As sempre infindáveis possibilidades do processo criativo podem gerar idéias e situações que tragam alguma contribuição positiva, sem deixar de atender a suas finalidades. As marcas vão agradecer, logo, logo. Um relatório do PNUMA (Programa das Nações Unidas para o Meio Ambiente) sintetiza: "A sociedade, agora, tem uma nova escala de preocupações; e as empresas passam a ter necessidade de um novo tipo de mensagens".
Depois, há os processos de produção. No lado do cinema publicitário, há "n" chances de alinhamento: elenco, locações, postura diante do uso de energia, materiais cenográficos e de consumo recicláveis, etc. No lado gráfico, idêntico raciocínio com relação a papel, energia, brindes com caráter social ou ambiental, comércio justo, etc. O mesmo se aplica às mídias, assumindo estas uma postura de respeito ao meio ambiente e ao consumidor, trazendo ainda contribuições ao tecido social onde atua.
Um último aspecto é o relacionado com os canais de diálogo não só com o consumidor, mas também com outros públicos afetados pelos produtos e pelas ações de comunicação.
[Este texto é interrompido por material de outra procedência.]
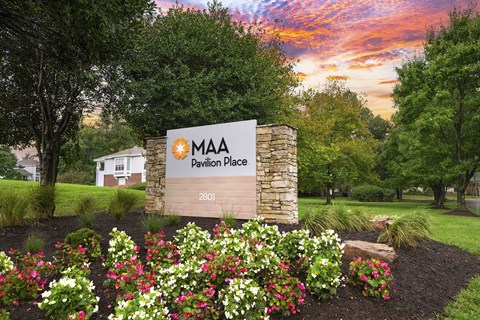 A sign for MAA Pavilion Place stands in front of a building.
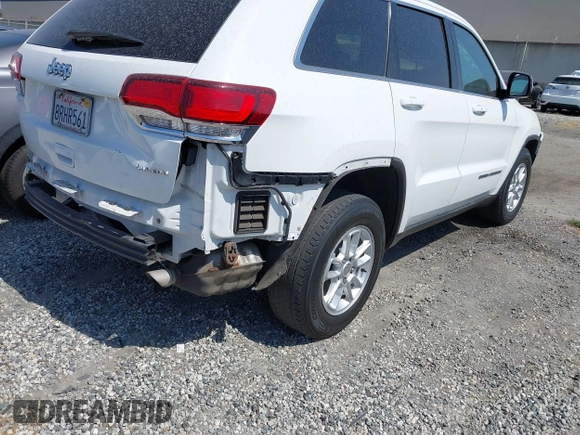 2020 Jeep Grand Cherokee Altitude with VIN 1C4RJEAG3LC202749, listed as a IAAI auction lot 42272959 with 90,698 mi miles and . Bid and sale history available at DreamBid. Image 4.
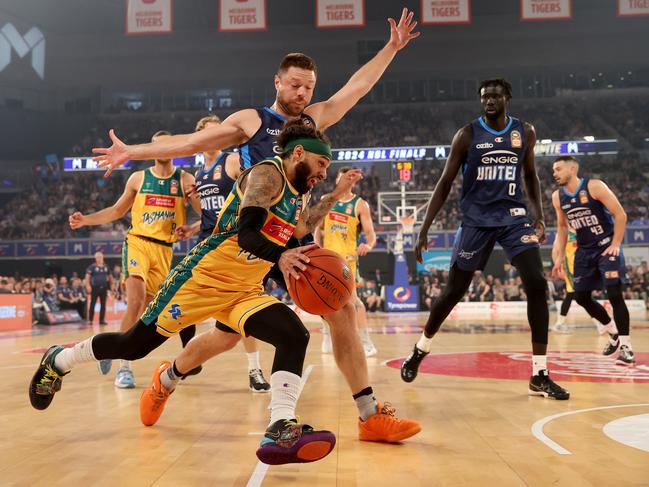 Matthew Dellavedova in full cry at John Cain. Picture: Getty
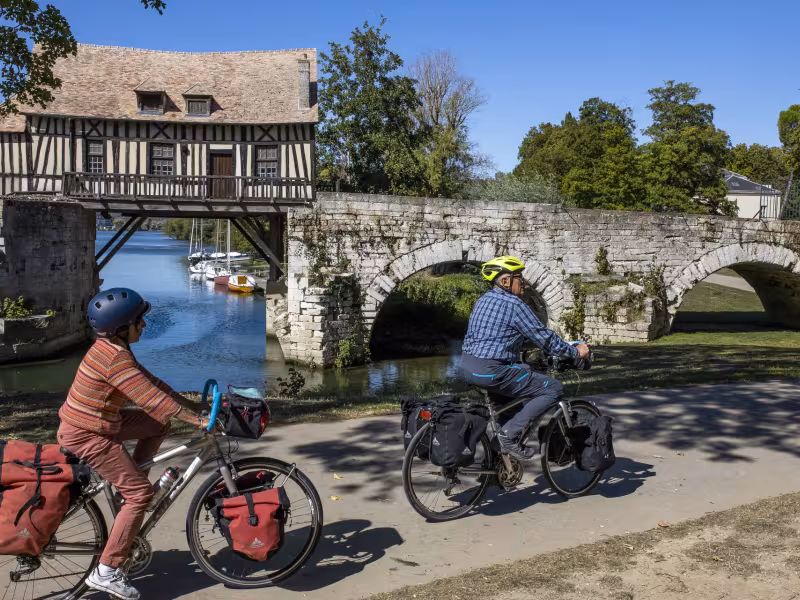 Voyageurs à vélo devant le vieux moulin à colombage de Vernon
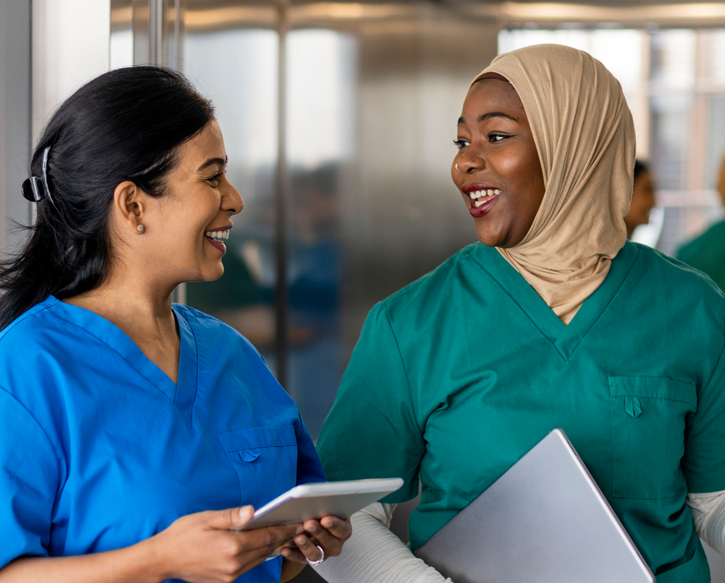 Two nhs workers laugh together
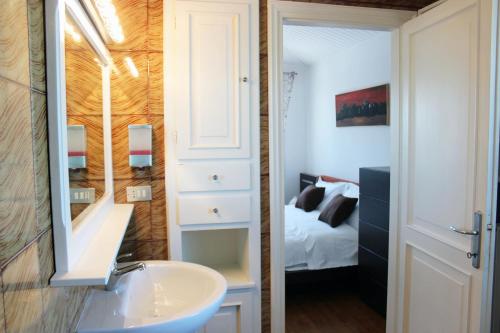 a bathroom with a sink and a bedroom at Villa Roma Holidays in Jesolo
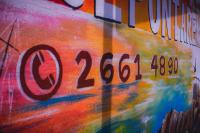 a painting of a sign on the side of a building at Hotel Sol Puntarenas in Puntarenas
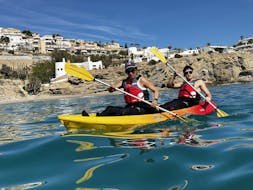 Two people during a Sea Kayak for Beginners in Villajoyosa from Alicante Aventura.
A nosso ver, esta é a porta da inovação da qual tanto carecemos. As organizações fechadas na zona de conforto de seu sucesso imediato precisam - e muito - ouvir continuamente esses públicos de forma a desenvolver seu senso de propósito, sua habilidade de aprender e sua capacidade de responder a mudanças. Em suma, aquilo que garantirá sua competitividade ao longo do tempo. A comunicação de marketing, a serviço deste objetivo e com o novo olhar de que falamos, poderá então usar o termo "sustentável" livremente, tendo o respeito e o reconhecimento de todos.
* Álvaro Esteves é diretor da Ekobé - Sustentabilidade e Responsabilidade Corporativa e autor dos livros "Uma Questão de Tempo" (Ed. Objetiva) e "O Gerente Animador" (Ed. Livro Técnico).